Ever since Sorensen’s call, notions and facts had been shifting in Madison’s perception and finding new positions, as if one map had been overlaid on top of another, and dry land was even farther away than they had thought. The similarities in the cases so far were a deliberate and prolonged attack and, though in different circumstances, the death of the victim. In essence, torture and murder.
“Do we have a time line yet?” Fynn asked the group in general.
“It started sometime on Thursday night,” Spencer said. “Three, possibly four, intruders break into Warren Lee’s house; they wake him up and tie him to a chair in his kitchen with picture wire. The ME’s report says they used what they found lying around—cleansers, detergents—to inflict a considerable amount of pain on the guy. He has a medical condition, and his heart gives out. They wrap him up in a black garbage bag and leave him still tied to the chair by the water towers on the corner of 35th Avenue and Myrtle.”
“Any witnesses?”
“Not at Lee’s house. What we do have is a witness who could swear the body was not there at 3:10 a.m. Friday and the cyclist who called it in at 6:52 a.m. And, to make the ID easier for us, the victim driver’s license had been taped to his chest.”
“Neat,” Fynn remarked.
“That takes us to Friday morning.” Madison picked up the narrative. “Then, thirty-six hours later, Saturday evening, the CCTV at the bus station tells us Ronald Gray was followed into the restroom by two men and marched out. A third was creating a diversion for the security guards. Patrol called us Sunday morning just before 9:30 a.m.: Gray had been taken to an empty warehouse, hit nineteen times with a blunt object—the piece of wood is at the lab—and then shot in the head twice with a .22.”
“We recovered the bullets?”
“Yes, Ballistics has them.”
“And the paint flakes are telling us we are talking about the same men who attacked first Lee and then Gray?”
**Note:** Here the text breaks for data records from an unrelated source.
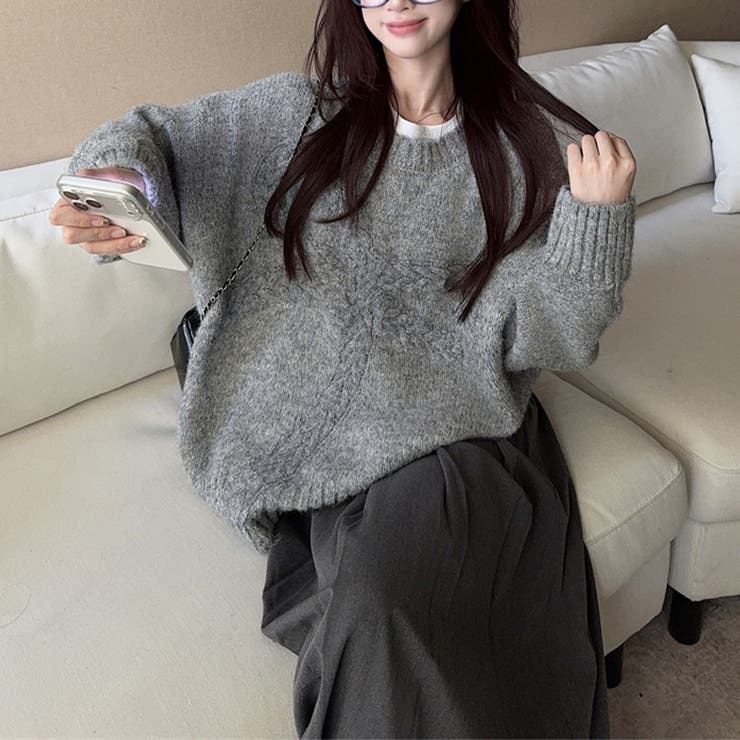 ゆるカワコーデ☆リボンニットこなれ感クルーネックセーター | 17kg | 詳細画像19 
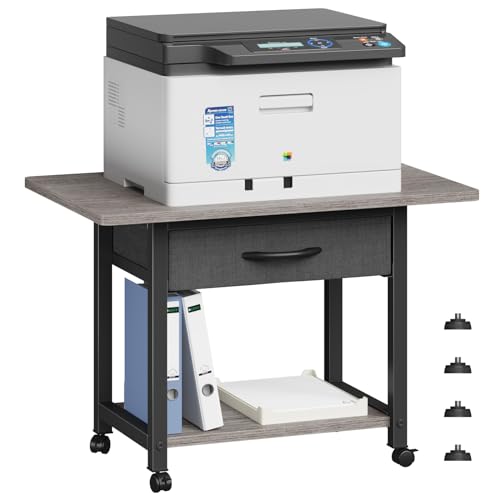 YAOHUOO 22"x15" Large Printer Stand with Storage Drawer, 2-Tier Under Desk Printer Table for Home Office, Printer Cart fit Fax Machine/3D Printer/Scanner(Gray)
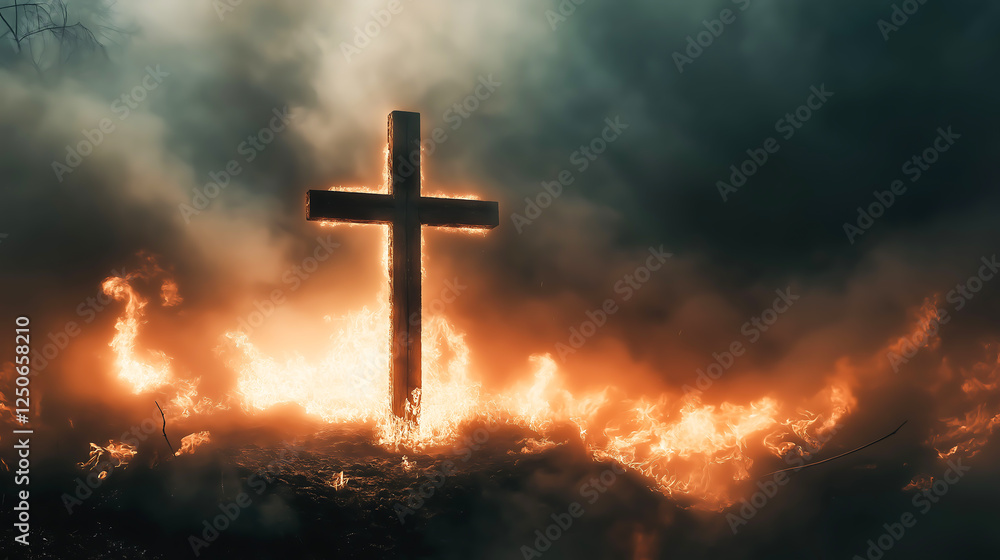 Fototapeta premium A wooden cross standing amidst flames, surrounded by wisps of smoke and fire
“So it seems,” Spencer said.
“What about the vics’ families?”
“Both unmarried. Lee has a sister in Tennessee; they hadn’t spoken in thirteen years.”
“Gray had no next of kin we can see from the records,” Madison said.
“Do the victims have anything in common?” Fynn asked. “Acquaintances, work histories, anything at all?”
“If they do, it’s not immedi
ately evident, but we only just heard about the connection,” Spencer replied.
“Different day, different cause of death, same killers.”
“Yes and no,” Madison said as her gaze traveled over the autopsy reports, her thoughts aligning. “The crimes do have something in common: during the attacks the killers used what was present at the scene for the torture. Chemicals for Lee, a piece of wood from a pallet for Gray. Both attacks lasted between forty-five minutes and an hour. Lee would have survived the assault, and Gray would have survived the beating, but both died—one of a stroke and the other as a result of the GSWs to the head.”
Madison had not yet worked a case where torture had played a part. It happened from time to time, and those who investigated such cases would carry them quietly at the back of their minds for a long time and not talk about them at home.
“They didn’t want to kill them,” she said finally.
“Mr. Gray would disagree, I think,” Kelly interjected.
“I mean, yes, they killed both of them, and Lee might very well have been shot like Gray if his heart had not been compromised. But if the object of the exercise was cruelty and pain, why shoot Gray? Considering the injuries, they could have gone on torturing him for hours. They chose not to. The reason for the assaults was not necessarily to kill the victims.”